About this exercise
Only the lines below between the one holding "VOLKSWAGEN Virtus 1.6" and the one holding "<i>MLB®</i> Bali Beach", inclusive, are to be reproduced word for word; the pictures are to be left out.

Records for this exercise
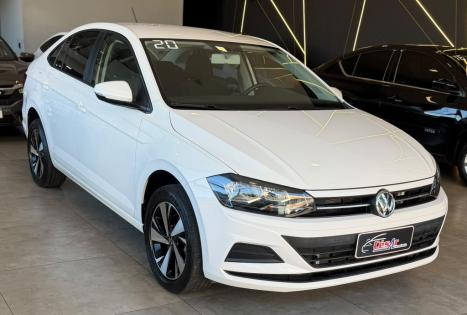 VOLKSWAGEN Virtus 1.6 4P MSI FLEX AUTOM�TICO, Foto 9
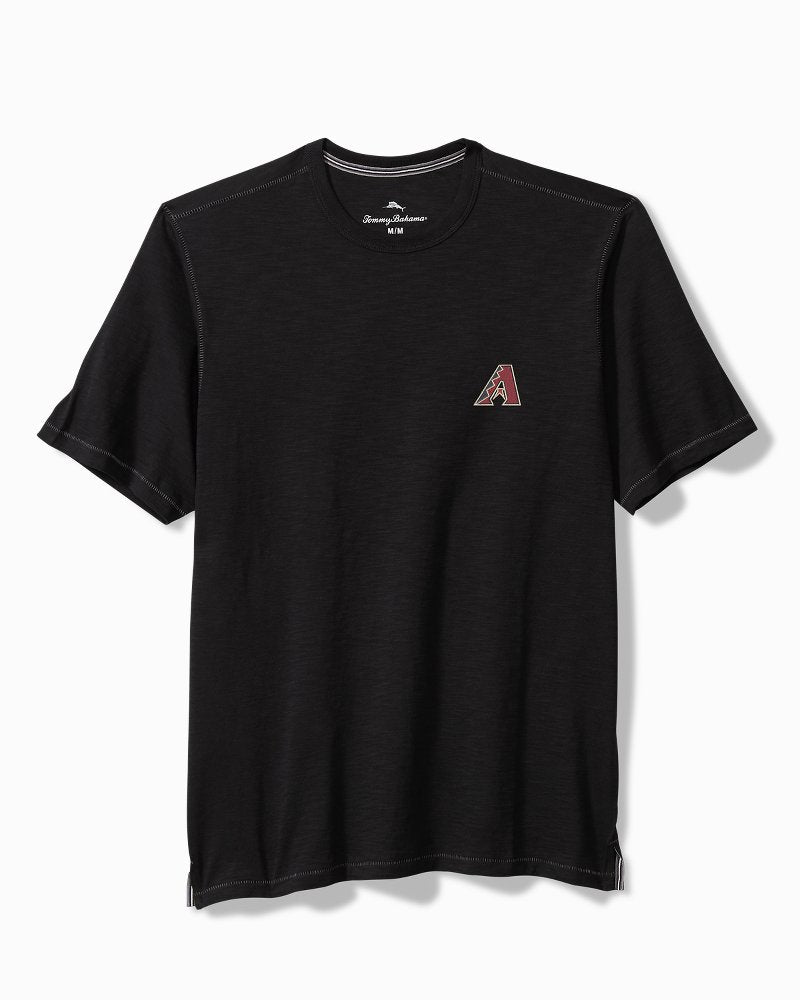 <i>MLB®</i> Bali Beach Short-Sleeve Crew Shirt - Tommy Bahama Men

---

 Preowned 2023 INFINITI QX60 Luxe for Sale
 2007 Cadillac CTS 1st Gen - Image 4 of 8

==

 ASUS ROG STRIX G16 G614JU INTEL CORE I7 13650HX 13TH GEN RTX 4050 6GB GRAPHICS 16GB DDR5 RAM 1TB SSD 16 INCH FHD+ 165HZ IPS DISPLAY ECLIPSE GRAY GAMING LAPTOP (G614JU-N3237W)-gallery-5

Answer for the task
 VOLKSWAGEN Virtus 1.6 4P MSI FLEX AUTOM�TICO, Foto 9
 <i>MLB®</i> Bali Beach Short-Sleeve Crew Shirt - Tommy Bahama Men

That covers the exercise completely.